The German immigrants who settled around Bluff Road going back to the mid-19th century built greenhouses as far as the eye could see. Along Bluff Road, these industrious farmers grew tomatoes, lettuce, beets, asparagus, spinach and kale, among other produce.

More than 80 growers featured these “acres under glass,” providing fresh vegetables and fruit to central Indiana year-round. They made up the largest concentration of greenhouses in the country.

[sc:text-divider text-divider-title=”Story continues below gallery” ]Click here to purchase photos from this gallery

“In many cases, for three or four generations, families were in this businesses. That is a really long-lasting legacy, not just for those families, but for Indianapolis, how we’ve grown to where we are,” said Daniel Gonzales, director of exhibitions research for the Indiana Historical Society. “These are the people who made this city grow, literally and figuratively.”

The southside’s tradition of fruit and vegetable farming is the focus of the newest exhibit by the Indiana Historical Society. “The German Growers of Indianapolis” gathers historical photographs and images dating back into the 1860s, combining it with first-person accounts of the southside’s greenhouse heritage from families who still practice it.

The result is a look not only at an important aspect of history that shaped the area, but a precursor to the local food movement that has become so popular among buyers today.

“Right now, there’s a growing interest in the farm-to-table movement, locally grown, locally sourced foods. I think it’s notable to recognize that 150 years ago, there were folks who were developing a robust system of locally grown and distributed produce,” Gonzales said. “It’s an incredible contribution, and one that lasted for generations.”

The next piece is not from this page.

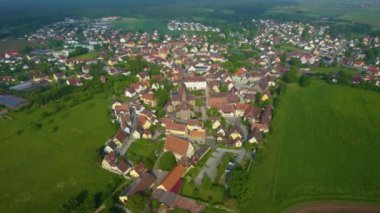 Almanya 'daki eski bir şehir merkezinin havadan görünüşü. Baharın güneşli bir gününde.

The inauspicious historical marker stands in the corner of Bluff Park, just north of Johnson County on the southside. Driving down Bluff Road, or passing along the walking path through the park, it would be easy to miss.

But the marker tells an important story not just to the area round Bluff Park, but to the entire Indianapolis region: German greenhouses.

German immigrants had been settling in central Indiana throughout the 1800s, and many of them brought knowledge of vegetable and fruit cultivation from their homes in Europe.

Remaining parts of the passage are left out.